▶ Work to be completed
Repeat exactly what runs from the line containing "SHEIN Light Blue" through the last line of the material below. Do not copy the pictures.

======

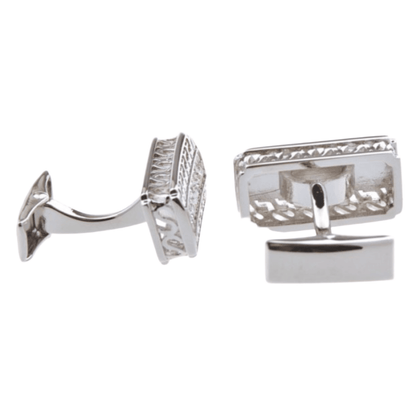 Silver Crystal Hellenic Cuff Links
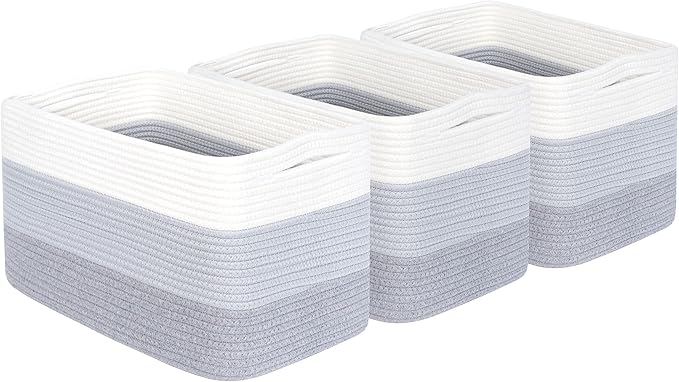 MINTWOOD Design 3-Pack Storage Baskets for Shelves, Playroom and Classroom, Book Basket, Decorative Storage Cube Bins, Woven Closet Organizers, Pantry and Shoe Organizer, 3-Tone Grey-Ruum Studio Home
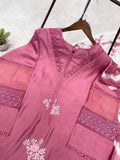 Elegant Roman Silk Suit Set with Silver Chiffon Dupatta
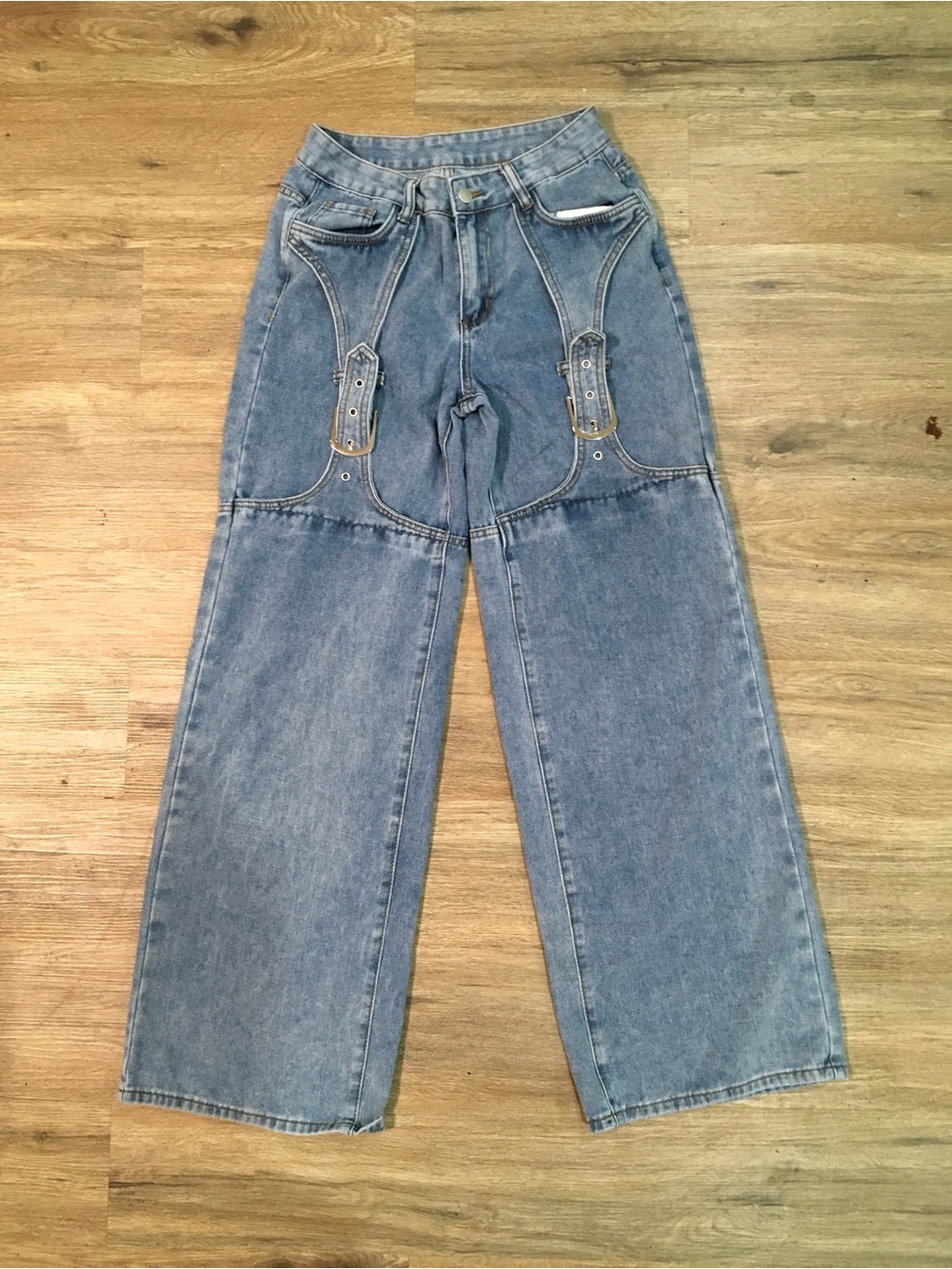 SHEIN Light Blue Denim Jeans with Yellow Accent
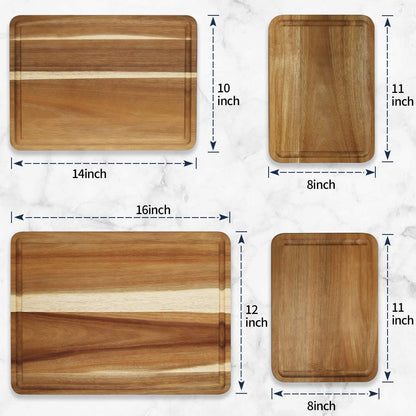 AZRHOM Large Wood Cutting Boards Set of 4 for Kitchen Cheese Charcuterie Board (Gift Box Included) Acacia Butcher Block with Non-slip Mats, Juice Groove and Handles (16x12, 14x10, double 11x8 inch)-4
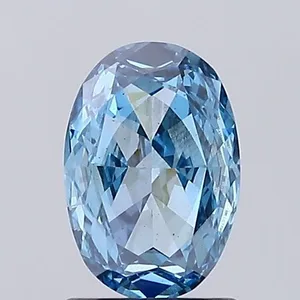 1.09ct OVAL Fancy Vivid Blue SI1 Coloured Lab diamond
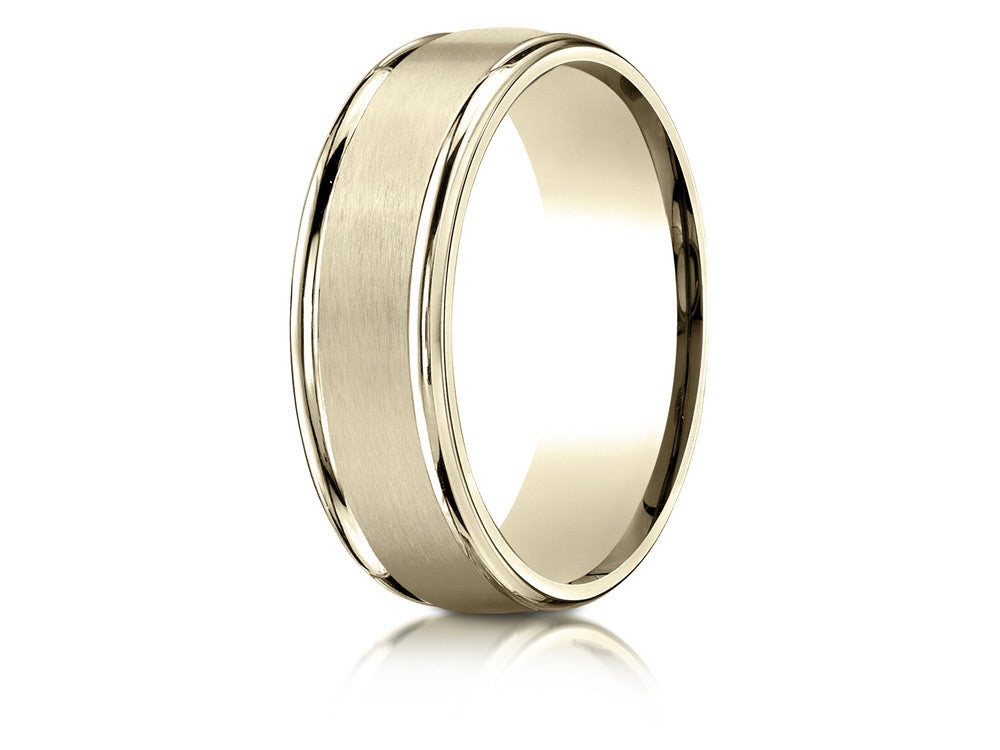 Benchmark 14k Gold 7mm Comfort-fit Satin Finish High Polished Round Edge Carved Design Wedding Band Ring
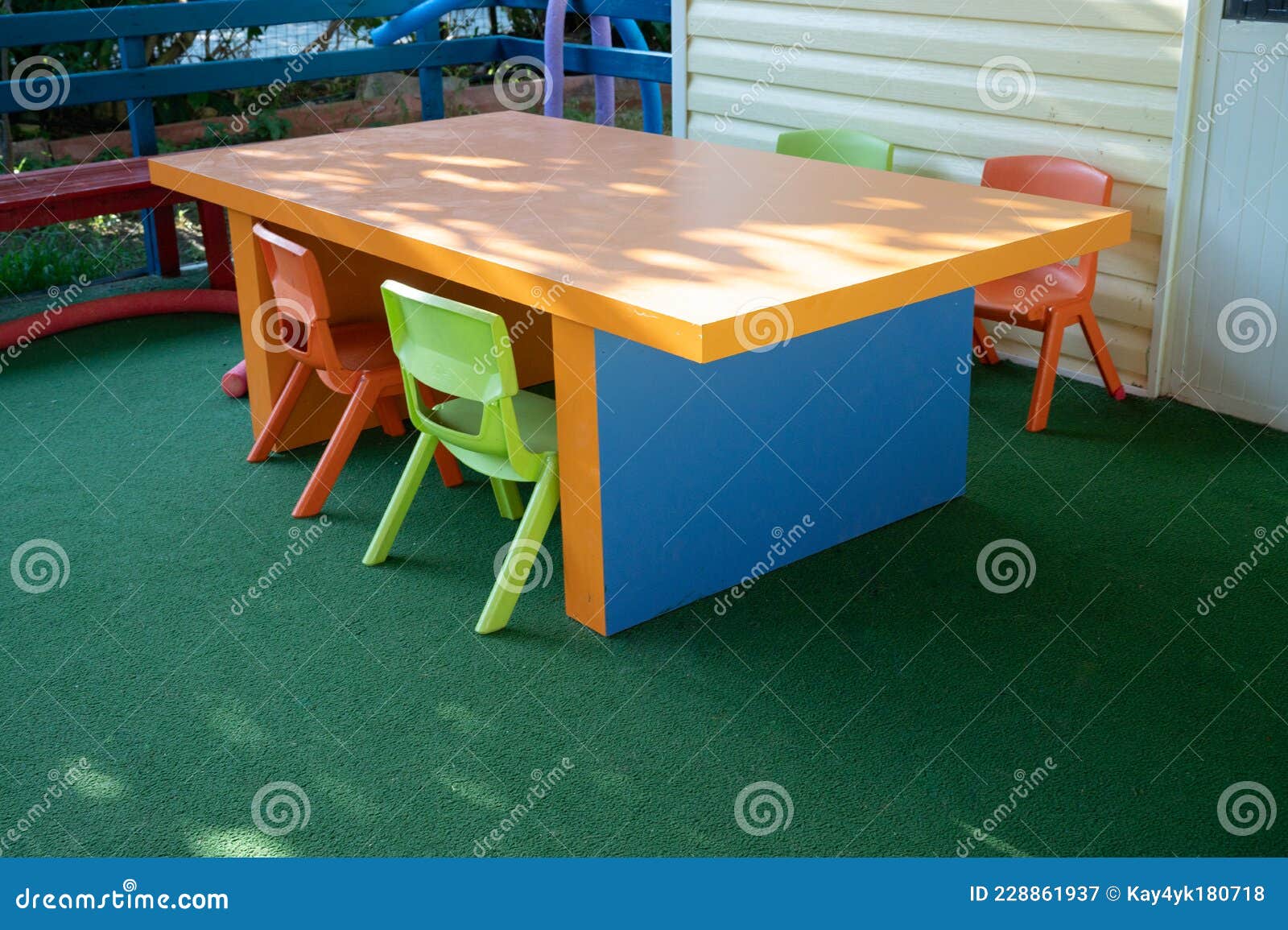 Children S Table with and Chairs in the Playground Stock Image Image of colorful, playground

======

▶ Completed exercise
 SHEIN Light Blue Denim Jeans with Yellow Accent
 AZRHOM Large Wood Cutting Boards Set of 4 for Kitchen Cheese Charcuterie Board (Gift Box Included) Acacia Butcher Block with Non-slip Mats, Juice Groove and Handles (16x12, 14x10, double 11x8 inch)-4
 1.09ct OVAL Fancy Vivid Blue SI1 Coloured Lab diamond
 Benchmark 14k Gold 7mm Comfort-fit Satin Finish High Polished Round Edge Carved Design Wedding Band Ring
 Children S Table with and Chairs in the Playground Stock Image Image of colorful, playground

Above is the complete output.